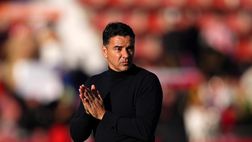 Milan-Girona, Michel: “Vogliamo vincere per continuare a sognare”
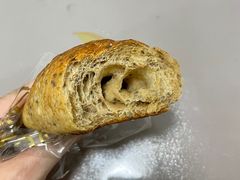 -DEMO黛慕蛋糕(三街两巷店)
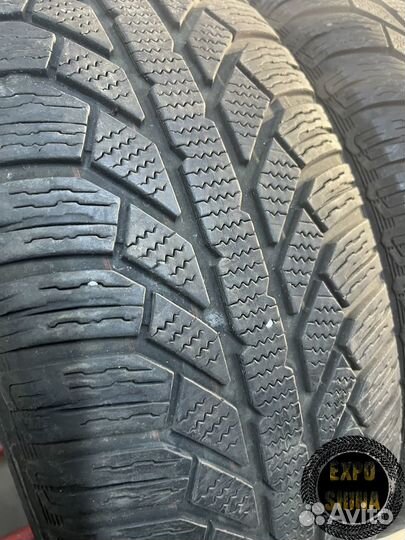 Semperit Master-Grip 2 205/60 R16 92H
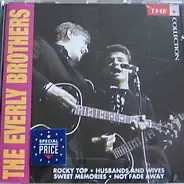 Everly Brothers - The ★ Collection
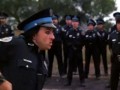 Полицейская-Академия-Зед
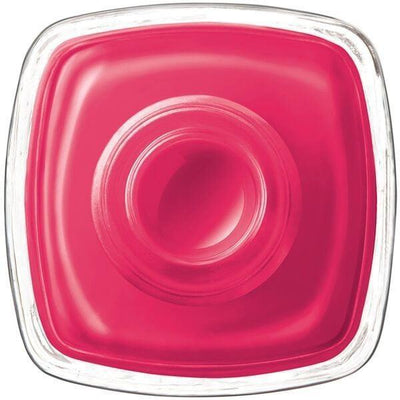 Essie Gel Berried Treasures #991G-Gel Nail Polish-Universal Nail Supplies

────────────────────

▶ To do: From the line containing "-DEMO黛慕蛋糕(三街两巷店)" down to the last line of the entries above, copy each line exactly and nothing more. Leave pictures out.

▶ Result:
 -DEMO黛慕蛋糕(三街两巷店)
 Semperit Master-Grip 2 205/60 R16 92H
 Everly Brothers - The ★ Collection
 Полицейская-Академия-Зед
 Essie Gel Berried Treasures #991G-Gel Nail Polish-Universal Nail Supplies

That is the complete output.